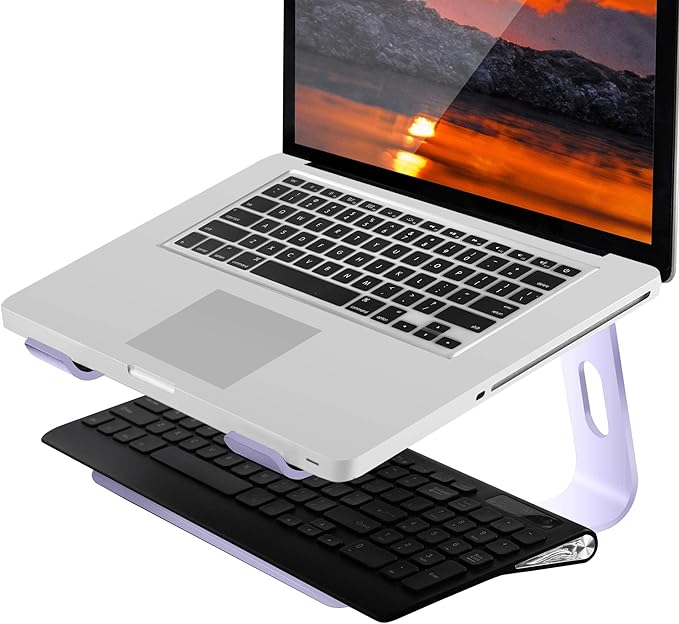 Orionstar Laptop Stand Aluminum Laptop Riser Compatible with Mac MacBook Air Pro 10 to 15.6 Inch Notebook Computer, Ergonomic Elevator Holder (Purple)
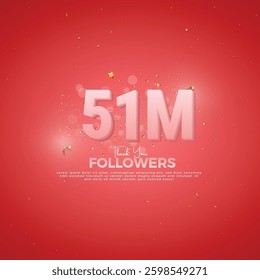 51M Follower celebration, 51M Pink Number on Red background with sparkling confetti, Thank you followers, 51M online social festive banner, 52M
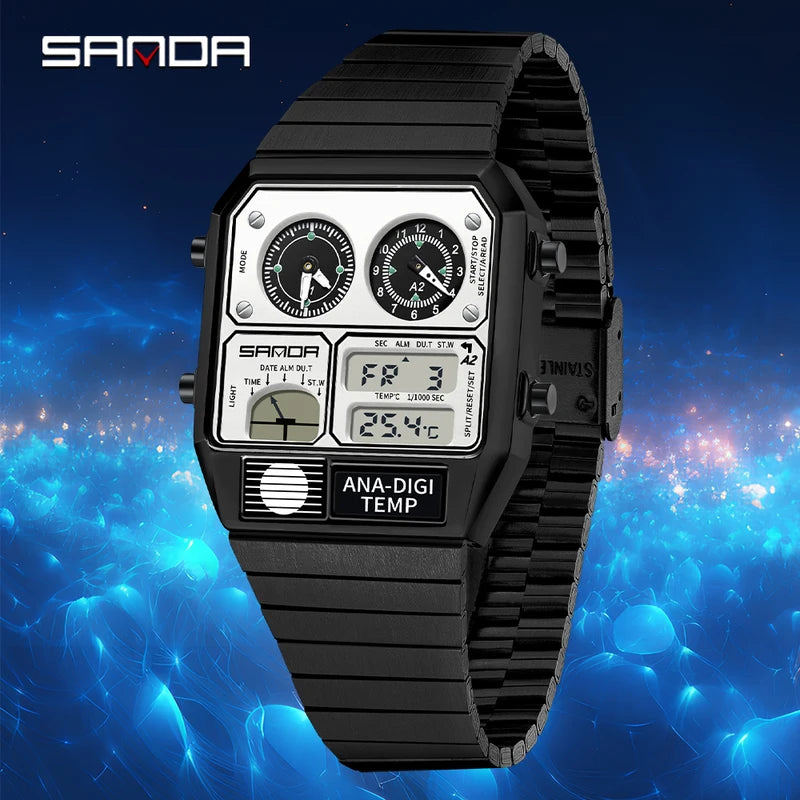 Digital Sport Watch Waterproof LED Thermometer Stopwatch Square Case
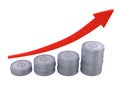 Stack of Ethereum Coins with Arrow Up Isolated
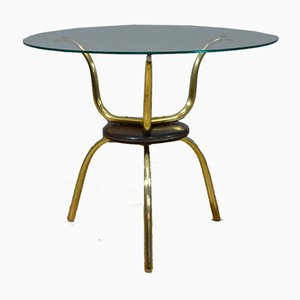 Vintage Italian Glass and Brass Coffee Table, 1950s-QZZ-796083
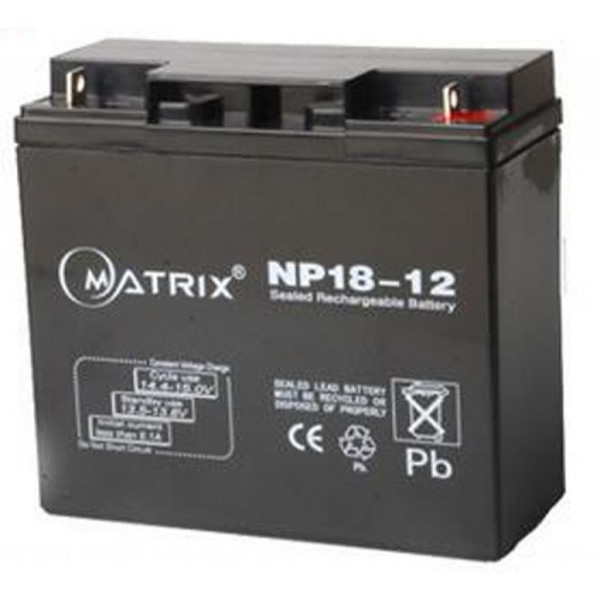 Фото - Аккумулятор для ИБП Matrix 12V 18AH (NP18-12) Фото - Аккумулятор для ИБП Matrix 12V 18AH (NP18-12)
_____
PROBLEM REQUIREMENTS: Without including any picture, reproduce all of the material exactly.

FINISHED EXERCISE:
 Orionstar Laptop Stand Aluminum Laptop Riser Compatible with Mac MacBook Air Pro 10 to 15.6 Inch Notebook Computer, Ergonomic Elevator Holder (Purple)
 51M Follower celebration, 51M Pink Number on Red background with sparkling confetti, Thank you followers, 51M online social festive banner, 52M
 Digital Sport Watch Waterproof LED Thermometer Stopwatch Square Case
 Stack of Ethereum Coins with Arrow Up Isolated
 Vintage Italian Glass and Brass Coffee Table, 1950s-QZZ-796083
 Фото - Аккумулятор для ИБП Matrix 12V 18AH (NP18-12) Фото - Аккумулятор для ИБП Matrix 12V 18AH (NP18-12)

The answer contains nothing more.